On day-11, cell mortality occurred in all treatments, and it is shown by a color change from dark green to clear color meaning the mortality of Nannochloropsis cells because there is no Nannochloropsis sp. cell found in the culture media. The mortality could also occur from water quality changes to poor conditions so that the nutrients in the culture media decline, the metabolism ability of the microalgae is low due to insufficient nutrient availability, and the limited culture media. Thus, the cell division tends to be restricted by the ability of Nannochloropsis cells in benefitting from the nutrients, and the cell division will stop when the nutrient availability in the culture media is not enough. According to Sari & Manan (2012), the type of nutrients and concentration in the media highly influence the growth of Nannochloropsis sp. It is in agreement with Nurfadillah et al. (2012) that the decline in phytoplankton growth is caused by photosynthesis, sufficient nutrient availability, and turbidity.
Water quality measurements showed that water salinity, temperature, and pH were in the good range for microalga growth during the study (Table 4).

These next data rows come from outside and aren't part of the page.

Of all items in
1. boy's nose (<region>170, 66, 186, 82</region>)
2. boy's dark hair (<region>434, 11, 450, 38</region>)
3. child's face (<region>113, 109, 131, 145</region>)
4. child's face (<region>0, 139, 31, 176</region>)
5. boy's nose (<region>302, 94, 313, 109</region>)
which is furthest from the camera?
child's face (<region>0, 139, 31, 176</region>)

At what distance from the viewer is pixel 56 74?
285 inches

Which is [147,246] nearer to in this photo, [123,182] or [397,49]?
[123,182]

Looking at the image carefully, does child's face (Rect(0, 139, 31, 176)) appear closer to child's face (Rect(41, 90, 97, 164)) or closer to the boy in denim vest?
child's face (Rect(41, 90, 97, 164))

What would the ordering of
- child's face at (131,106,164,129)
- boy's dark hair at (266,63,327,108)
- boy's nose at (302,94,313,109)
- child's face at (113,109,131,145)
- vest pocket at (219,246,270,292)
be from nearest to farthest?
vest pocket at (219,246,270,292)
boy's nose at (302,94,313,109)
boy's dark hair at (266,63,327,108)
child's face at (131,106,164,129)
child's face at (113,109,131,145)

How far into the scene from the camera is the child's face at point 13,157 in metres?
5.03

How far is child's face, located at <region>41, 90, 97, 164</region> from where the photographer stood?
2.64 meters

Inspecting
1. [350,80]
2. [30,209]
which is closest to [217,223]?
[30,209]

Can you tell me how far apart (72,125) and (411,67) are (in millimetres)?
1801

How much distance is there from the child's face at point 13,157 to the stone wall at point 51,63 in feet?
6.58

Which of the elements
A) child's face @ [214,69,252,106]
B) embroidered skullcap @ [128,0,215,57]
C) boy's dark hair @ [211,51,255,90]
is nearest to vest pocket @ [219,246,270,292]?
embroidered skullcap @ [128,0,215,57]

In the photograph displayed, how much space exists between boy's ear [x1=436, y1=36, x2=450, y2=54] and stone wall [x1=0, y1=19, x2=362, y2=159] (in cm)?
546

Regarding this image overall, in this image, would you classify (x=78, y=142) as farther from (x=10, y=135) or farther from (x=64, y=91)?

The optimum water salinity for microalga growth ranges from 25‰ to 35‰. The salinity of the culture media increases from evaporation caused by the temperature of the light used during the culture experiment (Fachrullah, 2011). Optimum salinity for the growth of Nannochloropsis sp. ranges from 25‰ to 30‰ (Isnansetyo & Kurniastuty, 1995; Jadid et al., 2017; Sahira et al., 2017). Nannochloropsis oculata cultured at the salinity of 25‰ for 10 days has the highest dry biomass, whereas N. oculata cultured at the salinity of 35‰, the highest biomass is recorded from day-14 to day-19 (Gu et al., 2012). Khatoon et al. (2014) stated that the density of Nannochloropsis sp. cells highly increases at the salinity of 30‰. Temperature observation during the culture up to day-10 ranged between 22°C and 25°C. According to Sari & Manan (2012), the optimum temperature for phytoplankton growth ranges from 25°C–30°C, whereas the maximum density of N. oculata is found at 25°C–30°C (Cho et al., 2007). However, Malakootian et al. (2016) stated that N. oculata has slow specific growth at 20°C and maximum biomass production at 25°C. The present study revealed that the pH range was still at optimum condition for the growth of Nannochloropsis sp. cells, 7.1–8.6. Nannochloropsis sp. cell density rose at a pH of 7.5–8.5 (Khatoon et al., 2014). A pH of 7–8 is the optimum pH range for the growth of Nannochloropsis sp. cells (Sahira et al., 2017), and the best growth occurs at a pH of 9 (Zaher & Helal, 2020).
The treatment of KW21 fertilizer and water-extracted horseradish leaf combination significantly influenced the population growth of Nannochloropsis sp. with the best concentration of 25% KW21 and 75% horseradish leaf extract that could increase the population of Nannochloropsis sp. at the laboratory scale. Treatment A (25% horseradish leaf extract + 75% KW21) did not give a significantly different effect from other treatments. Treatment C yielded highly significant different cell density from Treatments B, D, and E. All water quality parameter measurements during the study were in the suitable range for the growth of Nannochloropsis sp. The present study has revealed that the use of natural materials as a nutrient source could be considered for microalga cultivation development.